From “The Death of Environmentalism” to Break Through:

In 2004, environmental consultants Ted Nordhaus and Michael Shellenberger published an essay provocatively called “The Death of Environmentalism.” In it, they argued modern environmentalism had played itself out, had become yet another component of interest-group liberalism, and was incapable of addressing climate change and other major contemporary challenges. Coming from within the movement, the essay caused quite a stir within the environmental community and prompted extensive debate about the movement and its future.

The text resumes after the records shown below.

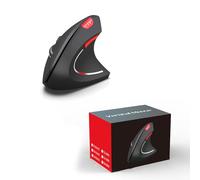 LANMOU Raton Vertical Inalambrico, Mouse Inalámbrico Raton Inalambrico Bluetooth Raton Inalambrico Ergonomico Raton Inalambrico Recargable reposamuñecas Botones de Pulgar Ajustables, 3DPI 6 Botones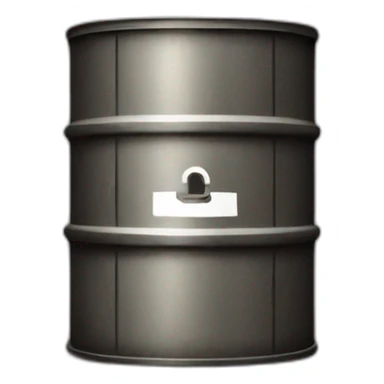 oil barrel sticker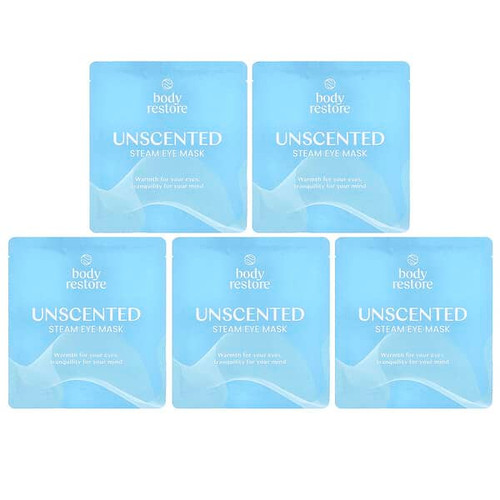 <img alt="Body Restore, Steam Eye Mask, Fragrance Free, 5 Pack" title="Body Restore, Steam Eye Mask, Fragrance Free, 5 Pack,850059313299"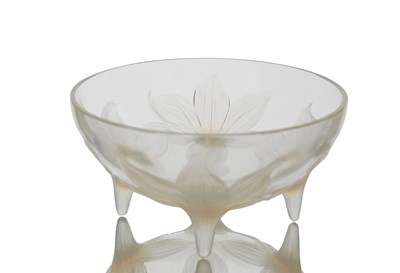 Lot 662 - Rene Lalique, an opalescent glass Lys bowl,...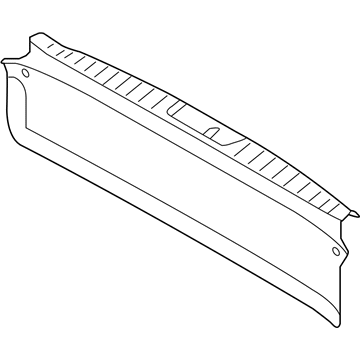 Kia 857704D101DP Trim Assembly-Rear Transverse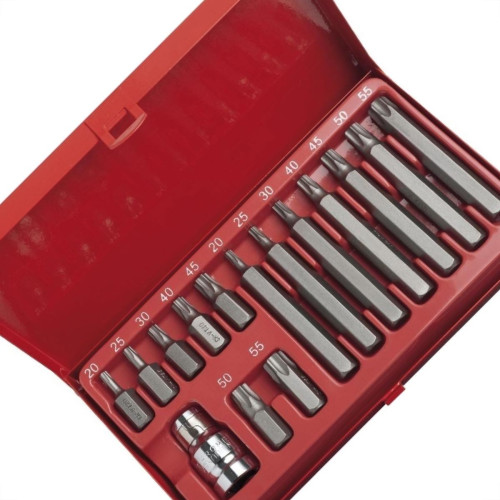 Ponteira Torx Eda Longo/Curto Kit 16Pecas 8Sq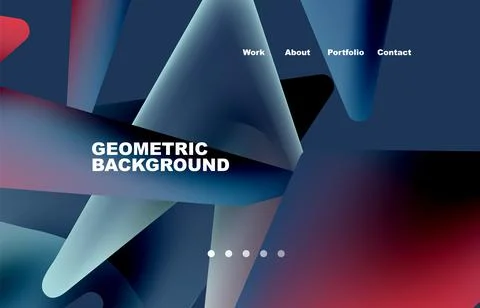 Broken pieces abstract background. Trendy background for your landing page 스톡 일러스트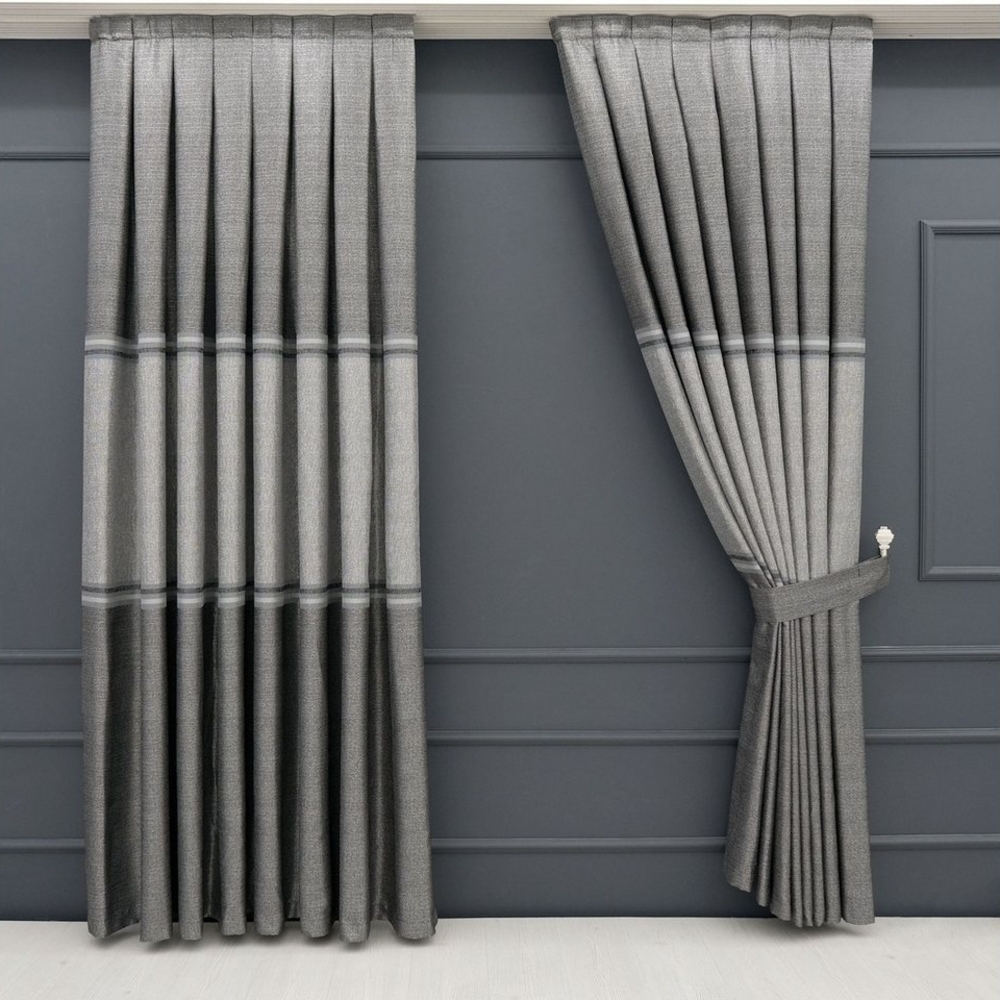 Gardinen by Justyna Vorhang 2er Fon Seiten Schal Set (4 St), Kräuselband, abdunkelnd, Fertiggardine,Hochwertiggardine,Turkischegardine,Perde,Pileli Tül Bild 1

Now Nordaus and Shellenberger are back with a book, Break Through: From the Death of Environmenalism to the Politics of Possibility, that expands upon their thesis and attempts to lay out a forward-looking agenda for a new progressive politics that can tackle the environmental challenges of our day. Like their essay, the book is prompting extensive (and much needed) discussion about the future of environmentalism. Environmental law prof Jamison Colburn analyzed the book for Dorf on Law, and my own take can be found in my review in today’s WSJ. It concludes:

In an odd way, the doomsaying of the global warmists has had a tonic effect, revealing, nearly 40 years since the first Earth Day, that environmentalism is stuck in a midlife crisis. Messrs. Nordhaus and Shellenberger want desperately to get it unstuck. If heeded, their call for an optimistic outlook–embracing economic dynamism and creative potential–will surely do more for the environment than any U.N. report or Nobel Prize.

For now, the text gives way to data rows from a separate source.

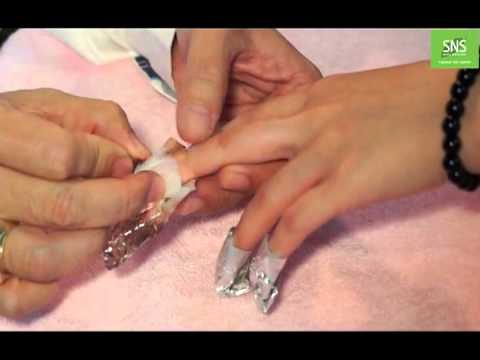 how to remove sns nails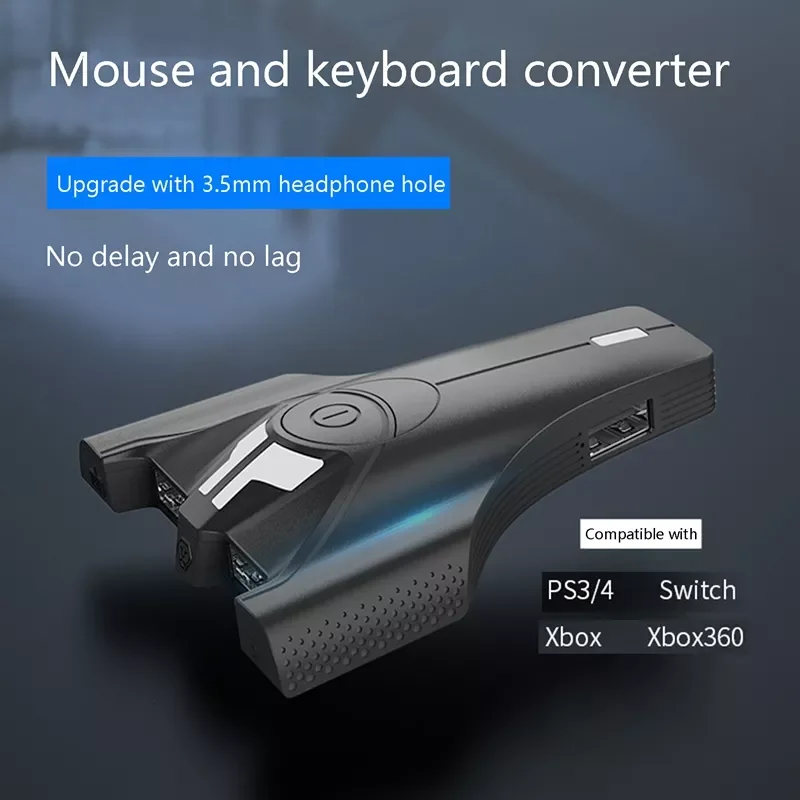 

Game Controller Keyboard Mouse Converter for PS3 PS4 ONE 360 SWITCH Game Console with Customized Button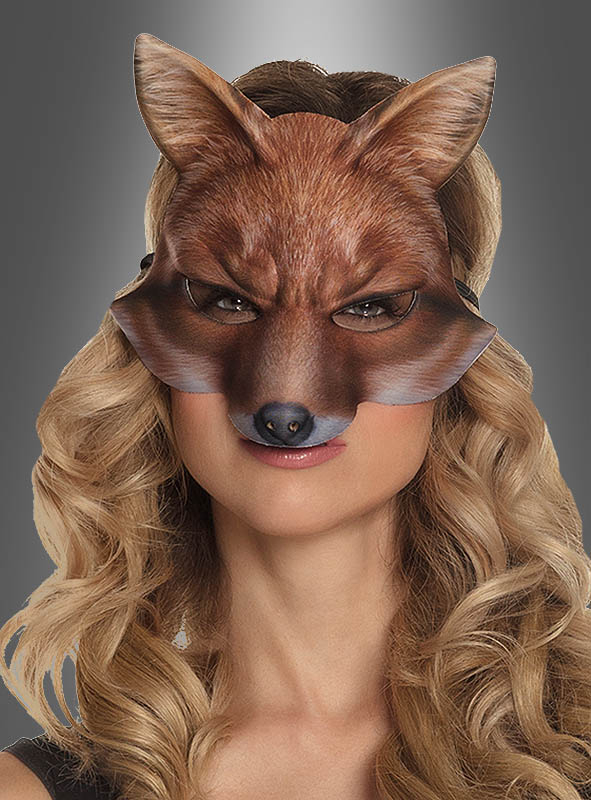Fox Fabric Half Mask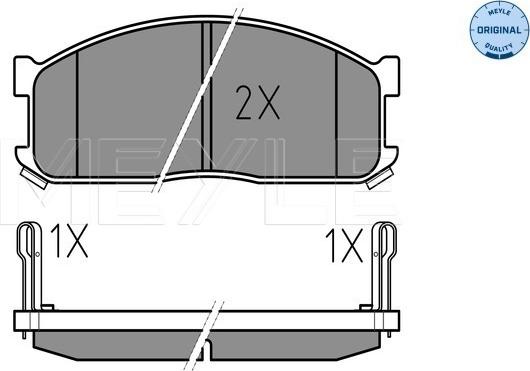 Meyle 025 200 0215/W - Brake Pad Set, disc brake autospares.lv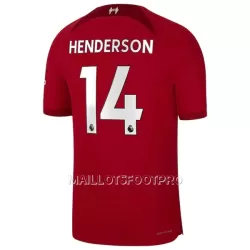 Maillot Liverpool Henderson 14 Homme Domicile 2022-23 Maillot Liverpool Henderson 14 Homme Domicile 2022-23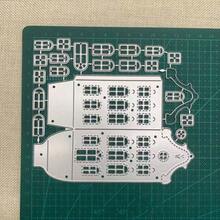 3D房屋切割模具 房屋壓花模板 碳鋼切割模板 金屬手工切割模具 適用於製作卡片、手工相簿、裝飾品等 - DIY可愛建築 - 查看 10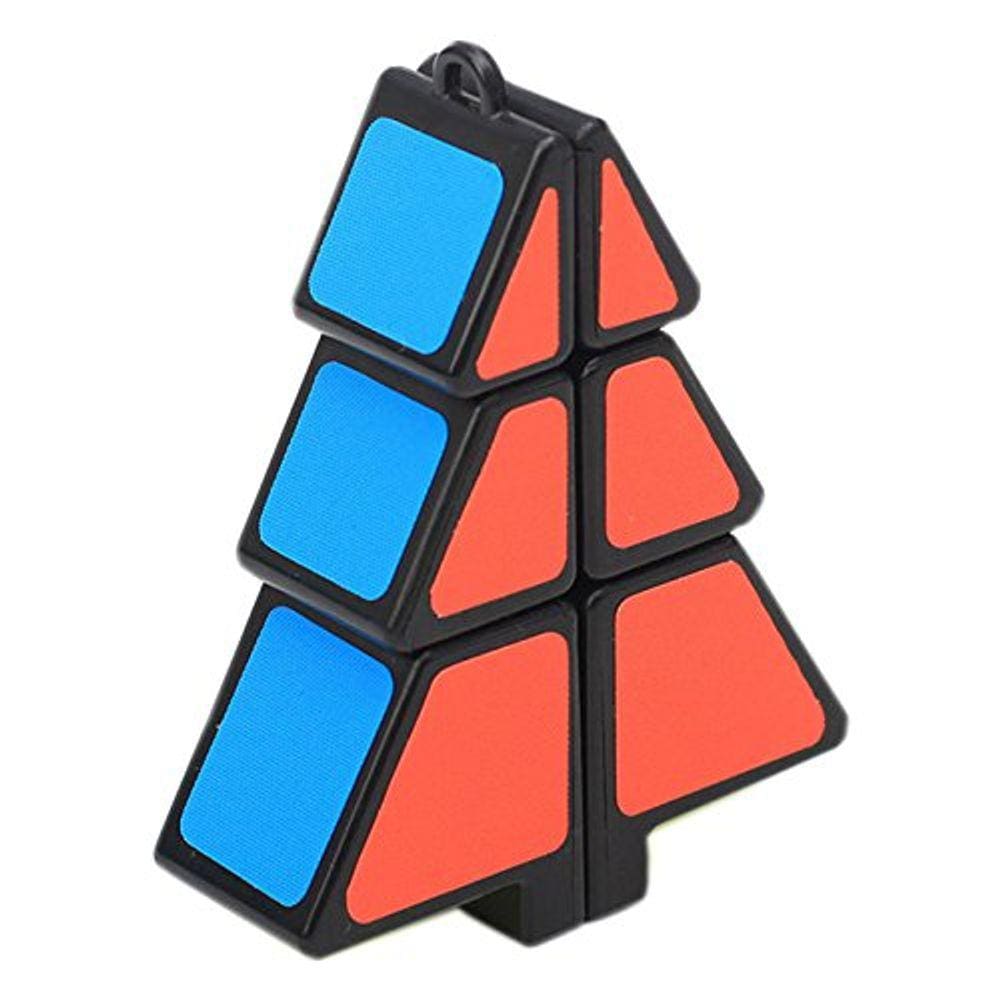 Pingente de cubo mágico em forma de árvore de Natal Puzzle Cube Willking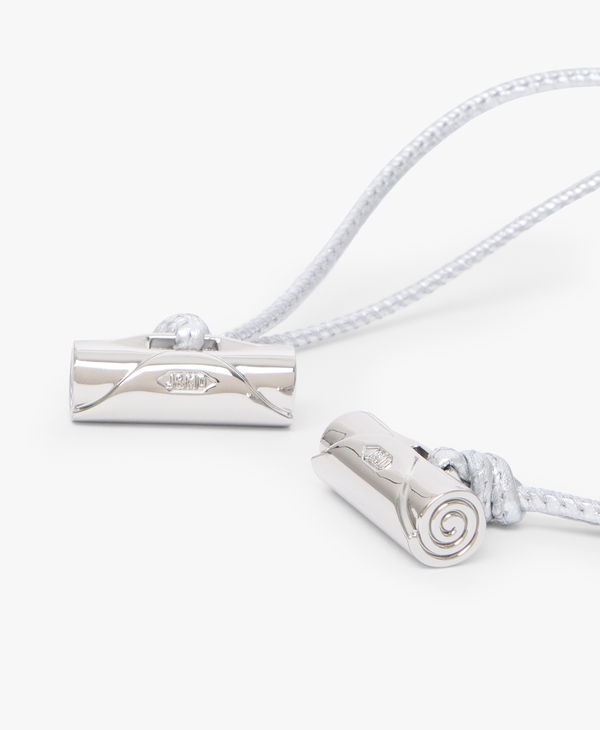 J & M Davidson Escargot Silver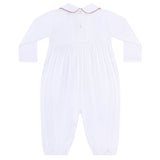 Christmas Wreath Smocked Romper - HoneyBug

The review is somewhat brief, so I’d like to expand on some points, particularly some of my disagreements with the authors.

Overall, I think their critique of the environmental movement, and its obsession with the “politics of limits” and a “doomsday discourse,” is important and insightful. They explain how the environmental movement has become, in may respects, just another liberal interest group seeking the attention of the Democratic Party. Greens may score occasional political victories, but most are symbolic. As they argue, today’s environmental movement is fundamentally incapable of mobilizing action sufficient to address major ecological concerns, global warming in particular.

They condemn other environmentalists for ignoring trade-offs, confusing hard choices for “false choices,” and obstructing environmental progress. While most environmental leaders embrace the call for alternative energy sources, others like Robert F. Kennedy Jr. devote their energies to fighting offshore wind power near Hyannisport, dividing the movement and chilling investments in future technologies. As Nordhaus and Shellenberger lament, “when push comes to shove, would-be green developers and entrepreneurs too often find themselves abandoned by the very same environmentalists who advocate such projects in theory. The idea that transforming America’s economy, energy grid, or suburban landscape might require tradeoffs is anathema to many environmentalists” who seem wedded to the idea that there is some potential nirvana over the horizon in which humans live peacefully with no impact on the world around them.

Their project is more ambitious than simply announcing environmentalism’s obituary. They want to exhume the corpse and resurrect a new progressive politics to take its place. This is a harder task, and I found this part of the book less satisfying. Nordhaus and Shellenberger wish to see environmentalism reborn into a new, post-materialist progressivism driven by an optimistic, growth-oriented and forward-looking vision of the future, what they call “the politics of possibility.” Such a politics should appeal to Americans’ shared values, rather than parochial interest group resentments, and should recognize that well-intentioned environmental measures may have undesirable effects.

While I liked the book, I am not ready to sign on to all of their prescriptions. Portions of their agenda are sensible — particularly their call for emphasizing innovation over prescriptive regulation — but other portions are too lacking in specifics or a bit fanciful for my taste. At one point, Nordhaus and Shellenberger lament that the lack of a “thick” environmental identity comparable to that of conservative evangelicals, and call upon progressives to create “a new web of pre-political associations” to advance their cause, as if such institutions could be created from whole cloth. Yet the institutions of civil society must grow and evolve over time — and are rarely (if ever) created by design. Governments in particular know far more about how to squelch such institutions with ill-conceived government interventions than how to nurture their growth and success.

My disagreements with Nordhaus and Shellenberger may stem from our competing worldviews. I do not share their progressive political outlook or relatively greater faith in government-led solutions. Of course it is a much easier task to challenge the agenda of others than to construct an alternative of one’s own. In any event, Break Through makes an important and provocative contribution to the debate over environmentalism’s future. Nordhaus and Shellenberger’s call for an optimistic environmental politics that embraces economic prosperity and humanity’s creative potential is refreshing. It provides the base for a keener shade of green, even if their call for a new progressive politics leaves something to be desired. Environmentalism may be dead; long live environmentalism.